*DATASET RECORDS:*
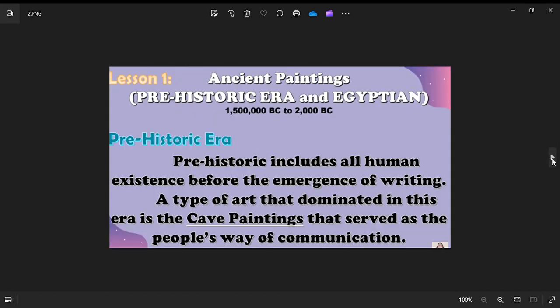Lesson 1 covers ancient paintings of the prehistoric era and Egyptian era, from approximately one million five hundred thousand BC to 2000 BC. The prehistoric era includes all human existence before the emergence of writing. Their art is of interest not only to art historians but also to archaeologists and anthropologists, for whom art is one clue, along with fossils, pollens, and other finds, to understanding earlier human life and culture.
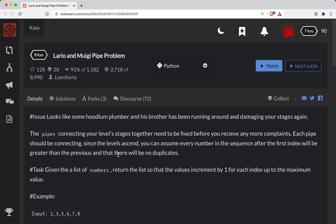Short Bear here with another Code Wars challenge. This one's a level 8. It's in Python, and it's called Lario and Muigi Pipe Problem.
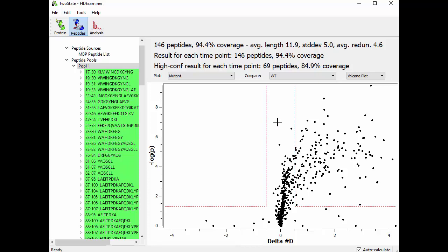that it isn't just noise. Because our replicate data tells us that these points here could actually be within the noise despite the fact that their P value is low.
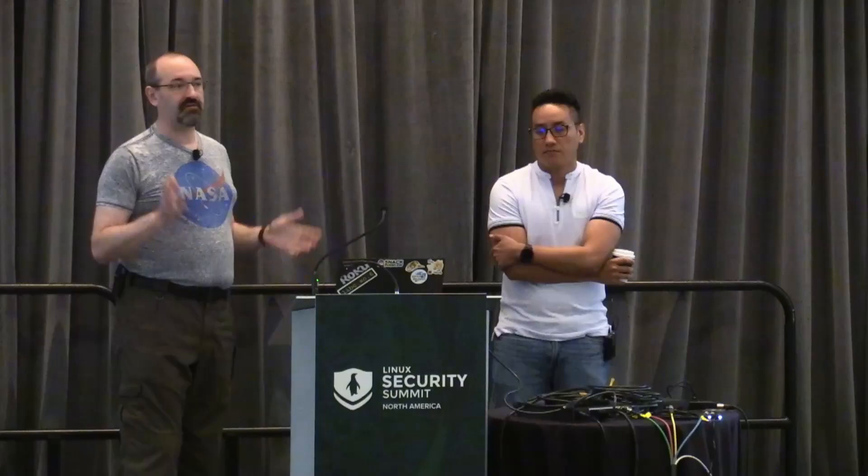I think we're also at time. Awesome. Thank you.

---

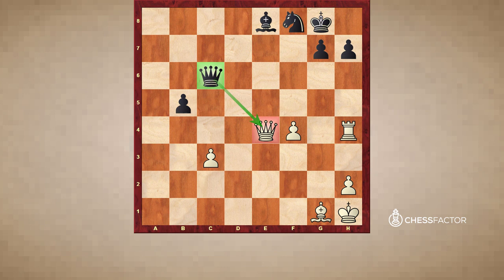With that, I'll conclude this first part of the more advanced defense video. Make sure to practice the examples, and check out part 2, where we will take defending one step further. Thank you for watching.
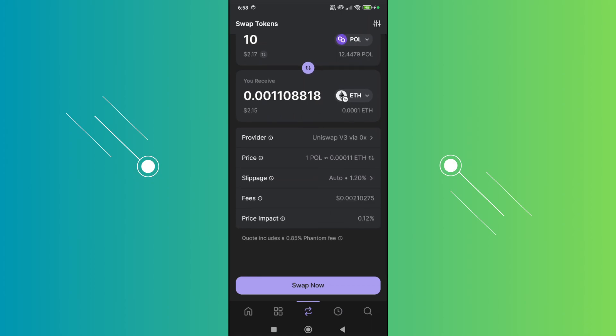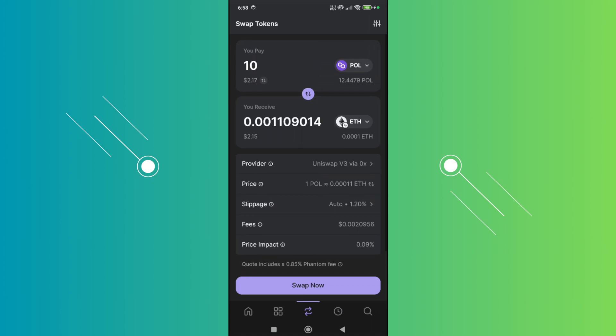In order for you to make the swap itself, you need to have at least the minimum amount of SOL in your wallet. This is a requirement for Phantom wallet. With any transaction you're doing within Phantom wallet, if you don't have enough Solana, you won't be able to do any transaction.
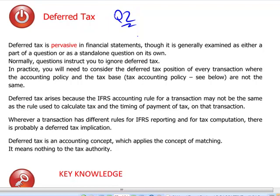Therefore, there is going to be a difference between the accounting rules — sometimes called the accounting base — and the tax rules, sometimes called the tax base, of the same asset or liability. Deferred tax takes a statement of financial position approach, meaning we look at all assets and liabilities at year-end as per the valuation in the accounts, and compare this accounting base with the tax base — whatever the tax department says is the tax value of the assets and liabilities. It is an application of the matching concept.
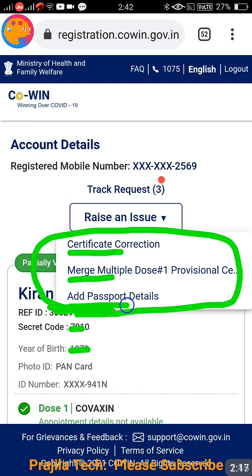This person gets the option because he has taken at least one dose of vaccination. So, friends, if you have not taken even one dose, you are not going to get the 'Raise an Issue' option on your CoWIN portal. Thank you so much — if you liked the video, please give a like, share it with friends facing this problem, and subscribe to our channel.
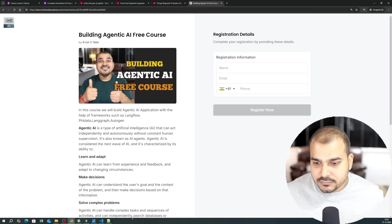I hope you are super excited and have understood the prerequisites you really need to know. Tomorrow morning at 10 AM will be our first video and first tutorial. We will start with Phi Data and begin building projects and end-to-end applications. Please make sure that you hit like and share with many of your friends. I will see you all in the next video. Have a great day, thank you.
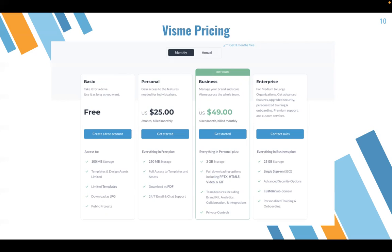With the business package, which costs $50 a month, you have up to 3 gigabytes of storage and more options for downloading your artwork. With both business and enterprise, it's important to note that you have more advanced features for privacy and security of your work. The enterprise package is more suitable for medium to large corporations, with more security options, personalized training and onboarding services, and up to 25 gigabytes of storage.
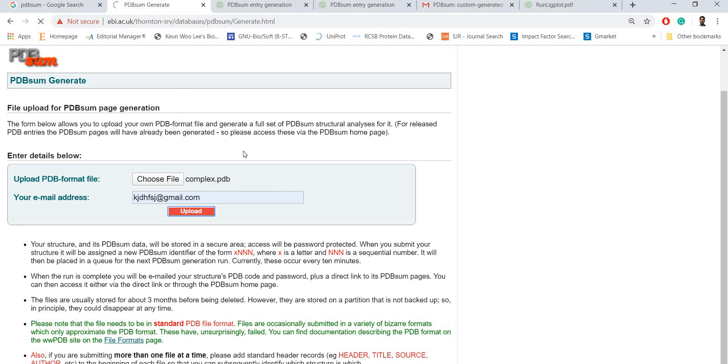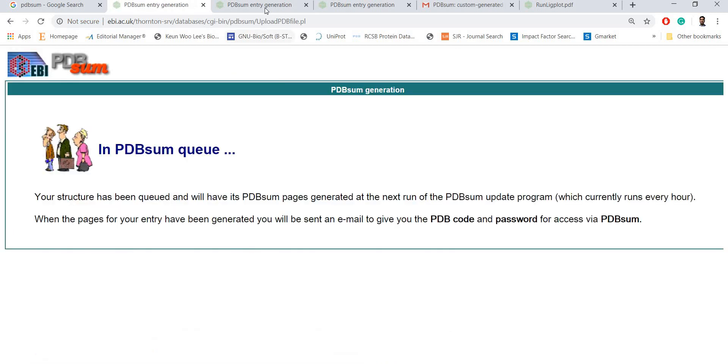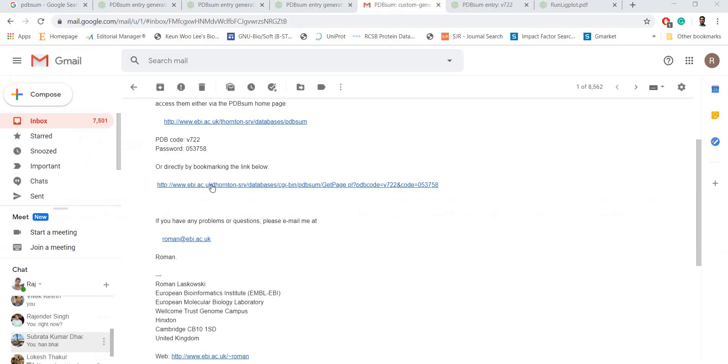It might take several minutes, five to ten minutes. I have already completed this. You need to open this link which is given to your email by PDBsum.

==

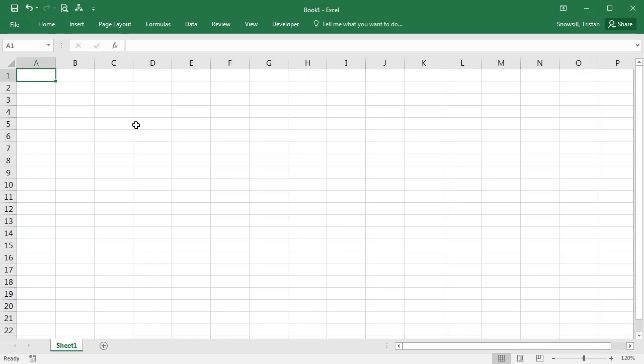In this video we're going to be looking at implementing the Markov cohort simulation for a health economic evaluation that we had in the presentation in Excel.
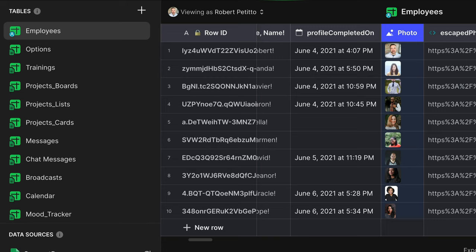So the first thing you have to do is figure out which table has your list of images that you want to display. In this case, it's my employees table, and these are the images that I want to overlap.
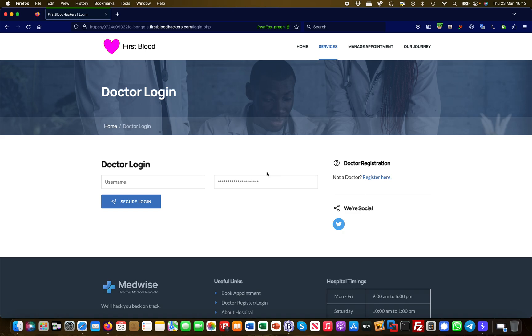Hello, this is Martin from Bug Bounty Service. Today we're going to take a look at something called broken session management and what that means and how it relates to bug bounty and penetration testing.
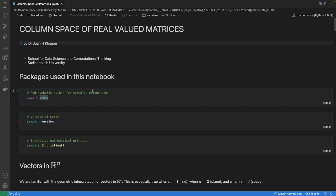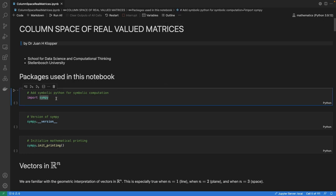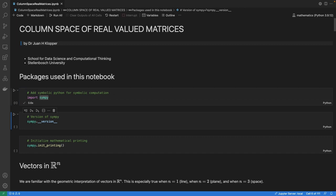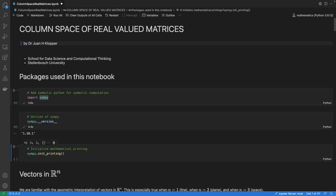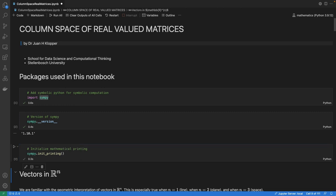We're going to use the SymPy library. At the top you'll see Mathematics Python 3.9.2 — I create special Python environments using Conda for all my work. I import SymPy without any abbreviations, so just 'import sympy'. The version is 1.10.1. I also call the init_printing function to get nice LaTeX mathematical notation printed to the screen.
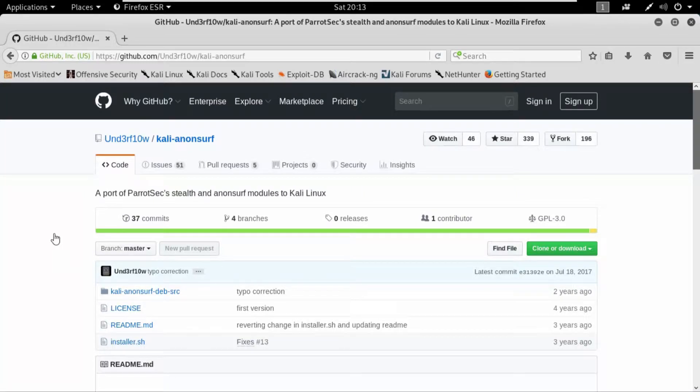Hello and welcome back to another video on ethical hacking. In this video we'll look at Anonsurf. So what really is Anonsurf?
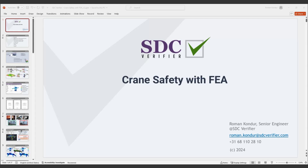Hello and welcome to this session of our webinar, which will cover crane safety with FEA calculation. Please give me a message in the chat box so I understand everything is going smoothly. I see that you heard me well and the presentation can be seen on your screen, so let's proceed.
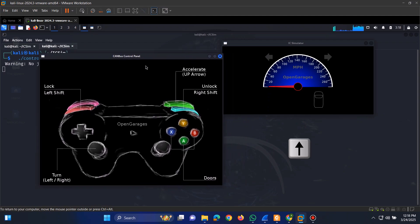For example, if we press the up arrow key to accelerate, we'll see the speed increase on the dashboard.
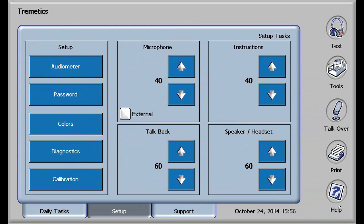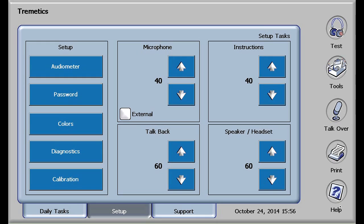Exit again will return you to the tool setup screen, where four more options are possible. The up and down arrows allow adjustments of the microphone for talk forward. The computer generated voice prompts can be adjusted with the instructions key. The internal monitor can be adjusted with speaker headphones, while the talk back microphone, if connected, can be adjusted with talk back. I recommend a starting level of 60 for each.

*EXERCISE BRIEF:*
Starting at the line above that contains "that it isn't", transcribe every line exactly through the line that contains "I think we're", including that last one, and skip the pictures.

*SOLUTION FOR THIS TASK:*
that it isn't just noise. Because our replicate data tells us that these points here could actually be within the noise despite the fact that their P value is low.
I think we're also at time. Awesome. Thank you.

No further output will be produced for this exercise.